Thank you for your question! In our toolkit, all deep learning methods, including ModernNCA, are implemented using double precision. The primary motivation behind this choice is to ensure a fair comparison across different methods with higher numerical accuracy. However, if you prefer to use float precision for your computations due to specific requirements or performance considerations, it's certainly possible. You would just need to make some minor modifications in the code to switch to float precision.

Thank you for the prompt reply! So if I am interested specifically in ModernNCA (not in other models), I can safely switch back to the default (torch.float32) for better efficiency?

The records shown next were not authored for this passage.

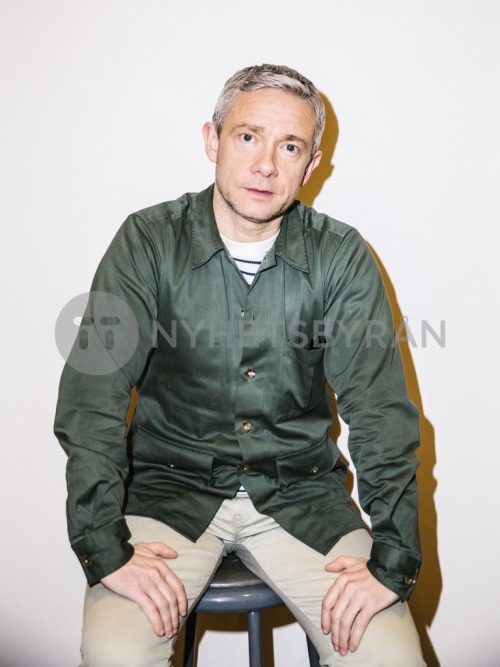  Martin Freeman in Pasadena, Calif., Jan. 9, 2020. Freeman co-created the new FX series “Breed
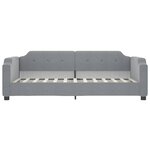 vidaXL Lit de jour avec matelas gris clair 100x200 cm tissu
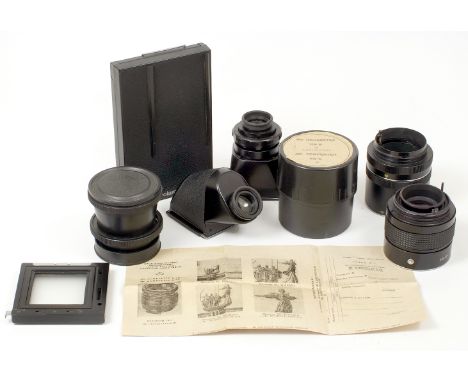 KIEV Macro Set & Other Accessories. To include Kiev-88 macro outfit & Polaroid back, Kiev-60 macro tubes, Kiev MC converter k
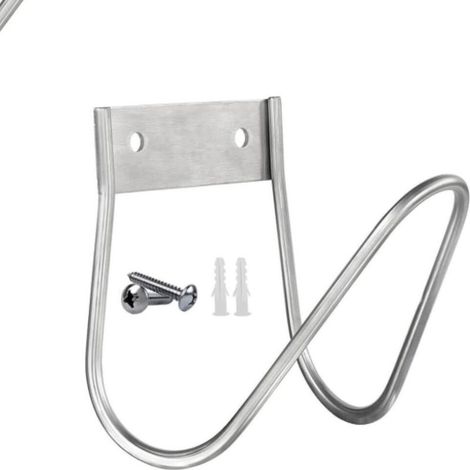 Lot de 1 crochets muraux pour tuyau d'arrosage, support mural pour tuyau d'arrosage, support mural en métal, support de tuyau d'arrosage pour cour, pelouse (1/5)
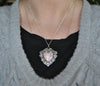 Pendant, Lover's Ivy, Argentinian rhodochrosite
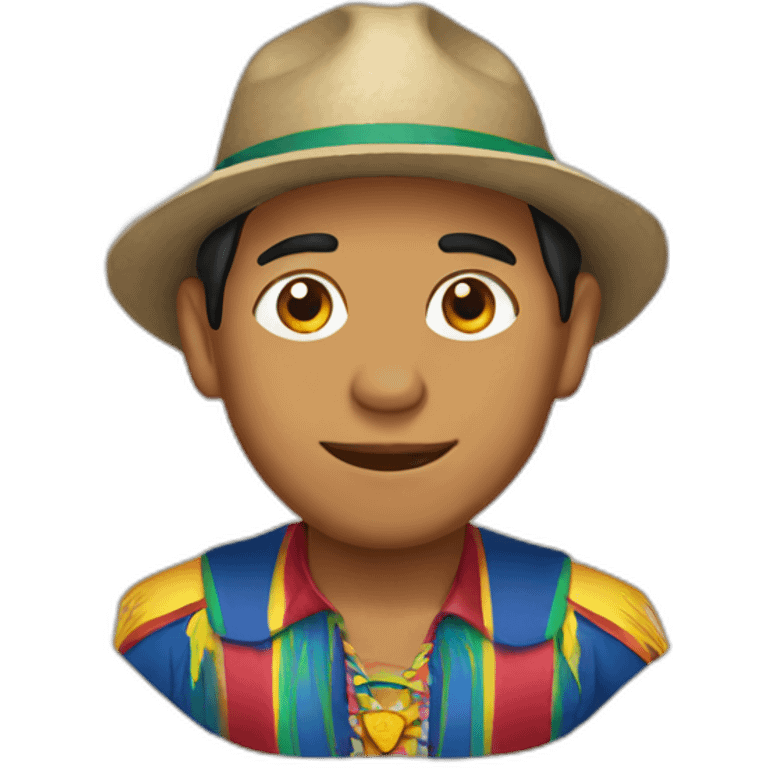 Bolivian guy  emoji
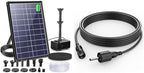 Biling 8W Solar Fountain Pump, Solar Water Pump with 3600mAh Battery Backup Work All Day, 5ft Tubing 5 Nozzles, Solar Fountain for Bird Bath, Garden Pond, Fish Tank and Hydroponics by biling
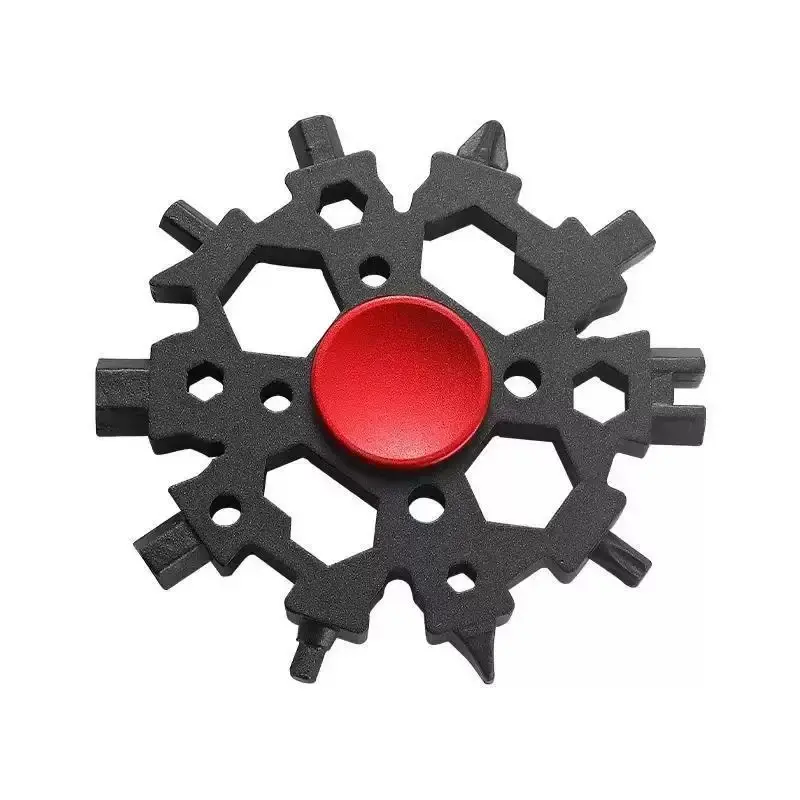 28-in-1 Versatile Snowflake Shaped Multitool, Portable Snowflake Wrench, Multifunctional Bottle Opener & Screwdriver Kit, Suitable for Camping & Outdoor Use, Stress Relieving Toy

Thank you for your follow-up! We haven’t conducted specific experiments regarding precision in ModernNCA. However, in another work within our group on a general tabular model called TabPTM (which also involves nearest neighbors), we found that using different precision could lead to slight differences when searching for nearest neighbors. As a result, we decided to implement double precision across all deep learning methods in the toolkit, including models like FTT and TabR. Moving forward, we plan to run performance comparison experiments for ModernNCA under different precision settings. If you're interested, we would be happy to share the results with you once they're available.

We have conducted experiments specifically on ModernNCA and found that there is no significant difference in performance between float32 and double precision. However, using float32 results in an improvement in efficiency. Regarding the sensitivity of TabPTM to precision, I suspect that it may be due to the fact that TabPTM searches for nearest neighbors directly on raw features and relies on NumPy for certain computations. Based on this, we will be adding an option in future releases that allows users to select their preferred precision for model training. Thank you again for your valuable question!

This totally answers my question, thank you for the insights and the additional experiments!